There really is beauty in a time of heartbreak. Our family recently had to put to rest a beloved Uncle, Brother, Son, Father, and Grandfather. I think it was hard because a little over a year ago, we recently laid my Great Grandfather to rest, which was his father. Hearts were heavy. But I thought, to be absent from the body is to be present with the Lord.
While they were saying words of remarks during the service, someone stated that they try to go a day without complaining. Wouldn’t that be a day! But I really thought about, things could be worse and I could miss opportunities for myself and with others complaining all the time. So afterwards, and I think even before the service, I was trying to enjoy what I have, even if I’m discontent with how things may be.
I’m not too emotional when it comes to funerals, I get teary eyed and sad, but I rejoice. That’s our end goal. To be with the Lord, and I cannot wait.
But an uneasy feeling came over me also, am I doing everything I can to please God? Am I studying enough? Am I showing love to my neighbors? Am I fronting? Am I praying enough? Am I caring enough, showing compassion? Am I doing enough?
In Mark 11:12-14, Jesus walked up to a fig tree, thinking that there would be fruit but there wasn’t. He then processed to curse it, at that point he might have been a little hangry but that’s my personal opinion. I asked the Holy Spirit, what are you trying to get at? It’s explained further into the scriptures, but I felt there was more in the first passage I referenced. Not until I prayed about it again that night did he answer me. This is what I learned:
- You will be tested and prove you are bearing fruit,
- You will die,
- and You will be judged and be held accountable for your actions
So, am I really about what I say I am doing? Am I leaning to God and trusting in his never changing word? If I were to die, had I fulfilled everything God asked me to do? Am I forgiving and holding myself accountable for my own actions, and not blaming others? I can’t have all the leaves acting like I’m bearing fruit or one tiny piece all that way at the top and people can’t get to. I want my fruit visible and nourishing.

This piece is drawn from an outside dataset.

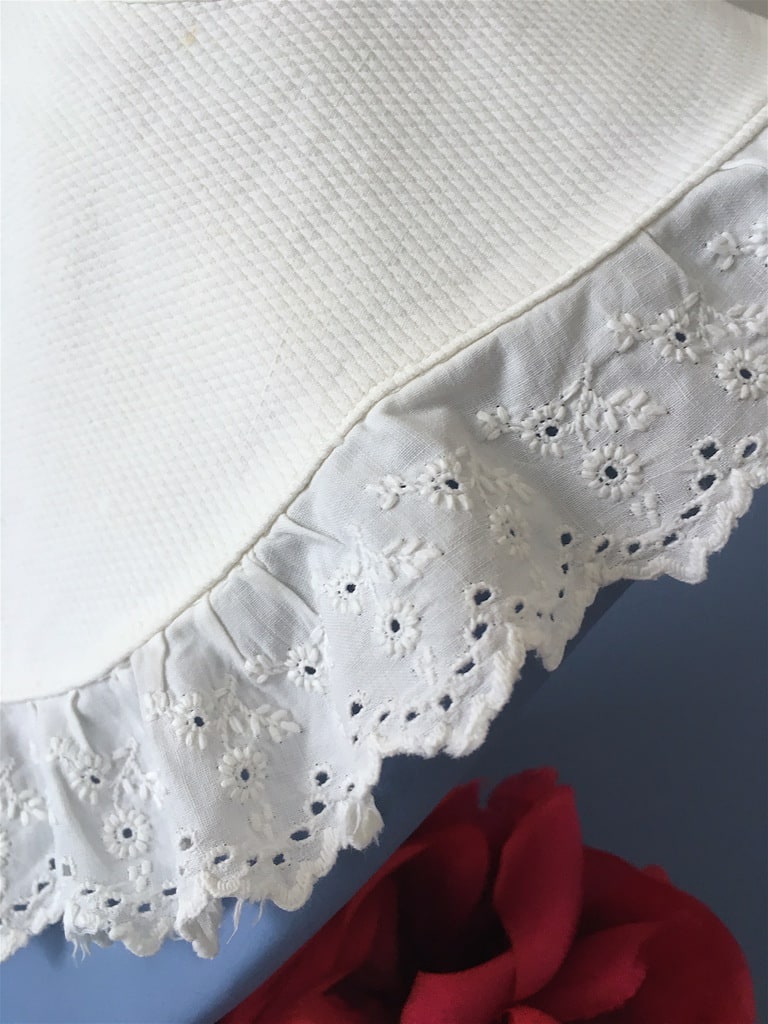 dentelle-ancienne-broderie-anglaise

Since we do not know when we will pass, I don’t want to be regretting in my final breaths, what I should have done. I pray for my family in this time of grief, but we do our best to lift each other up. But the Lord is our strength! (Ps 28:7-8) Plus it helps to have a baby around, bring joy to everyone’s heart ❤️
The time is always bitter sweet in a situation like this but seeing family, having laughs, planning future events, and seeing each others growth. It’s beautiful.